I'm intrigued by your "best shoulders" comment.  Traps are a given but how do these help your shoulders?  Causew frankly other than my front delts, my shoulders suck.


----------



## kyle64 (May 1, 2010)

I started doing rack pulls about 6 weeks ago when m11 suggested them and I am very impressed with this move, I get a massive pump all over from it.


----------



## suprfast (May 2, 2010)

Stewart14 said:


> I'm intrigued by your "best shoulders" comment.  Traps are a given but how do these help your shoulders?  Causew frankly other than my front delts, my shoulders suck.



Hang cleans and Press, my newest favorite workout that kills me by the end.  Built also talked about corner bar presses(im sure i killed what it was called).


----------



## Stewart14 (May 2, 2010)

I'm going to throw this out, see what you guys think.  If you want the benefits of the rack pull for your traps and upper back, but aren't looking to do them to increase your regular deadlift, why do them at all?  Can't you just load up a barbell and do a static hold?

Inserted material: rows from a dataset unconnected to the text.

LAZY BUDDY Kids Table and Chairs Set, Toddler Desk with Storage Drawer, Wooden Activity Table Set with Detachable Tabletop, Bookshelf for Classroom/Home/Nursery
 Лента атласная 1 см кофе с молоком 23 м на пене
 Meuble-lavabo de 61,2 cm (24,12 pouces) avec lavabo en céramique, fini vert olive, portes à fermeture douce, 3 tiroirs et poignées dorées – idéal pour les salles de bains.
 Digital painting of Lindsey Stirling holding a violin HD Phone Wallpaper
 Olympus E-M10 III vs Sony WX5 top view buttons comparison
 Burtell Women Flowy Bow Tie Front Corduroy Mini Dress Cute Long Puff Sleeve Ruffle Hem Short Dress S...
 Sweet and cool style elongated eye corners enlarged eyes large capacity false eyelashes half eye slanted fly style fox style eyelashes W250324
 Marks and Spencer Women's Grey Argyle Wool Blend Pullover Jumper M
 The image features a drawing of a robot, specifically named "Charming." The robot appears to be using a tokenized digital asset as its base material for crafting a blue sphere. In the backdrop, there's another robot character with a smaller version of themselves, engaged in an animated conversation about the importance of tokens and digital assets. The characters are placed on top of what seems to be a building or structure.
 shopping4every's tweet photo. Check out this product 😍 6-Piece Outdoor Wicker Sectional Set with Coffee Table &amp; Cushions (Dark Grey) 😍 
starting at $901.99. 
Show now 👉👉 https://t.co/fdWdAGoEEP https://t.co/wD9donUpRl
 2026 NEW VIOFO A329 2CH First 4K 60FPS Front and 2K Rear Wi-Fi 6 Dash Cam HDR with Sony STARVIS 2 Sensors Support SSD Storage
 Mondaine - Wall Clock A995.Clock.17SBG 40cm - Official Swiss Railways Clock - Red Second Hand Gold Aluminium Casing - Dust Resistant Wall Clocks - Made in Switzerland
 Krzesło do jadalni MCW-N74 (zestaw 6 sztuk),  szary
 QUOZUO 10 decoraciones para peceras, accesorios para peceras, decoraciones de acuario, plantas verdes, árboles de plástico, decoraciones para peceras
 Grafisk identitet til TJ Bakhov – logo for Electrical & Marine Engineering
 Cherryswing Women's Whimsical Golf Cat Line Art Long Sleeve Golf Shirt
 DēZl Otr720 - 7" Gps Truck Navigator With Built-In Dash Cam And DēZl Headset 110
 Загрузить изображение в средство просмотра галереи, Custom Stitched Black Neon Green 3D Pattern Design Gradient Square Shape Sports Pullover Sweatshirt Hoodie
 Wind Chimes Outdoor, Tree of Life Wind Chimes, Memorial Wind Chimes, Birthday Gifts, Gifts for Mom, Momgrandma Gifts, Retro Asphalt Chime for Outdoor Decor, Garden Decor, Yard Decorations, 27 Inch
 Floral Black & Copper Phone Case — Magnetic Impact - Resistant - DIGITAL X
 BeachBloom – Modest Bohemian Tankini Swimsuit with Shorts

If I set up a rack pull to pull from just above my knee, for example, that would be something like a 4 to maybe 6 inch range of motion for me, and if I am not mistaken, you still want to do the movement as you would a regular deadlift, so you would initiate with your legs/hips anyway, so your traps would just be going along for the ride since you're really not pulling with your arms.

so why not just hold a loaded barbell for the same amount of time?  It would be easier on the low back in case you are doing other movements (like in my case a stiff leg deadlift), and you still get the isometric benefits to your traps and upper back.

why or why not?


----------



## DaBeast25 (May 2, 2010)

sassy69 said:


> I like to do them when I need to feel better about myself .. I can pull a plate and a half more than I can DL.  Ego lift.


 
Yes... big time Ego Lift, lol.  Feels good to pull a heavy ass bar even if it is a partial motion.  I was pretty close to 500(485lb I think?), I've literally only done them a hand full of times though and I'm 6'2 so a rack pull from below my knees is like a straight deadlift for you vertically challenged lifters.


----------



## Doublebase (May 2, 2010)

DaBeast25 said:


> Yes... big time Ego Lift, lol.  Feels good to pull a heavy ass bar even if it is a partial motion.  I was pretty close to 500(485lb I think?), I've literally only done them a hand full of times though and I'm 6'2 so a rack pull from below my knees is like a straight deadlift for you vertically challenged lifters.



Wow you're so strong.


----------